Assignment: Exactly retype the opening line of the entries and every line after it, ending with the line that contains "12 Töpfe Pebeo". Skip all pictures.

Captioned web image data
>>>

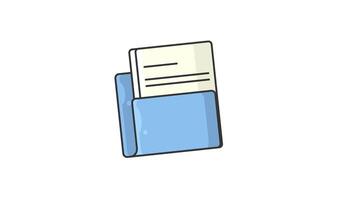 open folder icon animation paper document motion graphic alpha channel loop design video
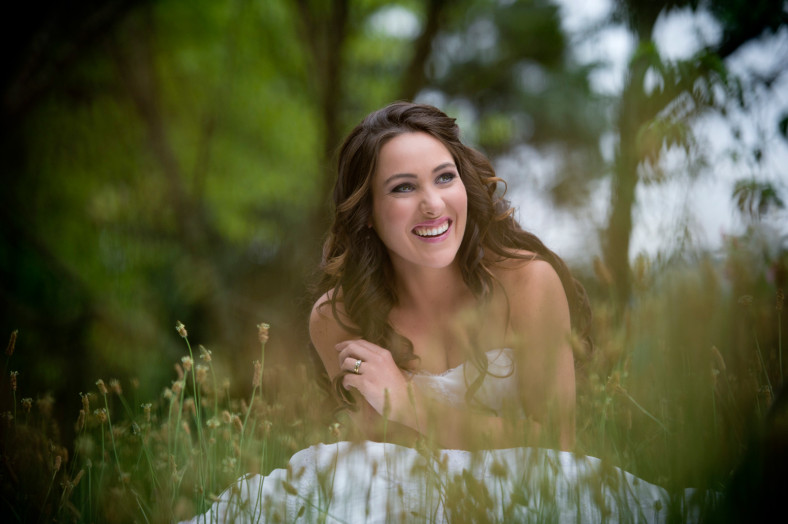 bride in grass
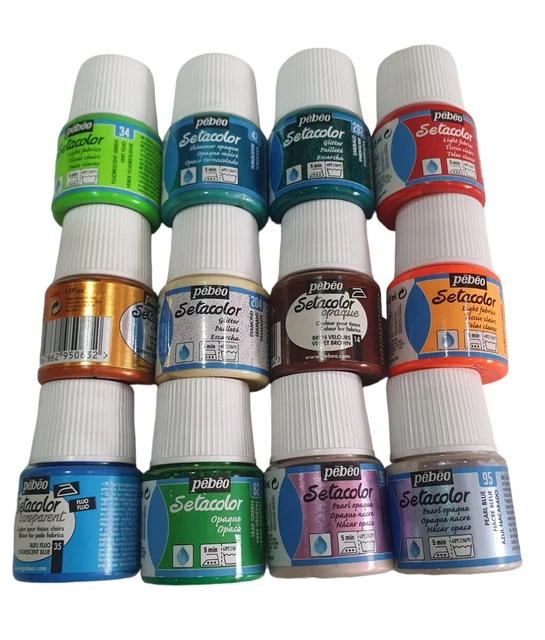 Pebeo Setacolor Stoff Textilfarben. Eisenfix. Maschinenwaschbar. 12 Töpfe Pebeo Setacolor Stoff Textilfarben. Eisenfix. Maschinenwaschbar. 12 Töpfe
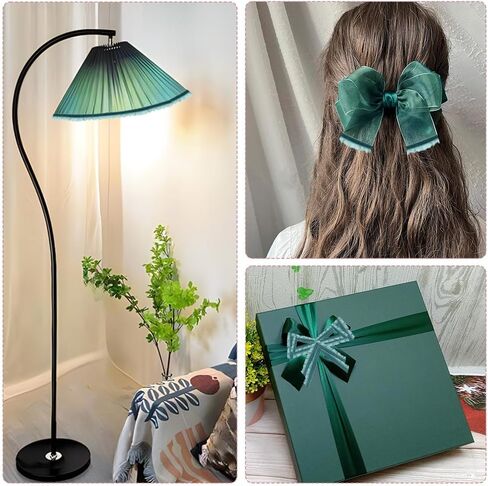 20 Yards Dark Green Ruffle Ribbon Trim Organza Ruffled Edge Ribbon Velvet Chiffon Lace Gathered Pleated Edging Trimming for Sewing Making Craft Gift Wrapping Wedding Christmas Decor Supply in Kuwait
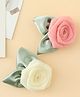Pine Kids Hair Clips With Floral Applique Pack of 2 - Cream & Pink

<<<

Exercise solution:
 open folder icon animation paper document motion graphic alpha channel loop design video
 bride in grass
 Pebeo Setacolor Stoff Textilfarben. Eisenfix. Maschinenwaschbar. 12 Töpfe Pebeo Setacolor Stoff Textilfarben. Eisenfix. Maschinenwaschbar. 12 Töpfe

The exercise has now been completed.